Small Quantum Low Parity Density Check Codes for Near-Term Experiments
Christian Kraglund Andersen, Eliška Greplová
TL;DR
This work addresses the practical benchmarking of quantum error correction on near-term devices by introducing small quantum LDPC codes built from bicycle-like constructions with weight-4 stabilizers. It provides a concrete construction framework, analyzes syndrome extraction and decoding with a MWPM decoder, and demonstrates small codes with competitive performance to rotated surface codes while offering substantially lower overhead. The authors also outline two near-term experimental paths—flip-chip superconducting qubits and spin qubits with electron shuttling—to realize non-local parity checks required by these codes. The results suggest roughly a twofold overhead reduction for small distances and favorable code-rate scaling enabled by non-local connectivity, offering a tangible route toward holistic hardware benchmarks and eventual scalable quantum error correction.
Abstract
It is widely accepted that quantum error correction is essential for realizing large-scale fault-tolerant quantum computing.
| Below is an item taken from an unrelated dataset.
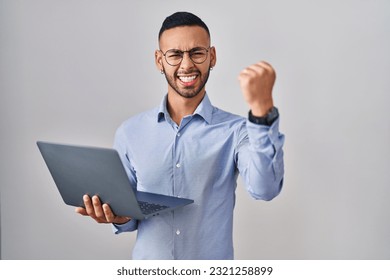 Young hispanic man working using computer laptop angry and mad raising fist frustrated and furious while shouting with anger. rage and aggressive concept. 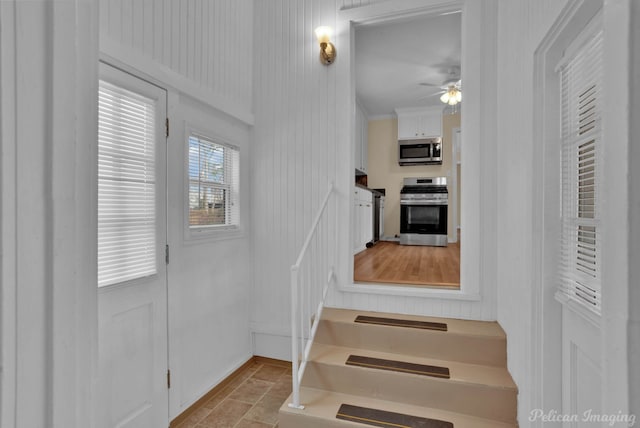 stairs featuring ceiling fan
Recent experiments have demonstrated error correction codes operating below threshold, primarily using local planar codes such as the surface code and color code. In parallel, theoretical advances in quantum low-density parity-check (LDPC) codes promise significantly lower overheads, albeit at the cost of requiring non-local parity checks. While these results are encouraging, implementing such codes remains challenging for near-term experiments, creating obstacles to holistic benchmarking of hardware architectures capable of supporting long-range couplers. In this work, we present a simple construction recipe for small quantum LDPC codes based on recent developments in the field. Our codes are approximately twice as efficient as comparable surface codes, yet require only weight-four parity checks, which simplifies experimental realization compared to other quantum LDPC codes. We provide concrete proposals for implementations with superconducting qubits in flip-chip architectures and with semiconductor spin qubits using shuttling-based approaches.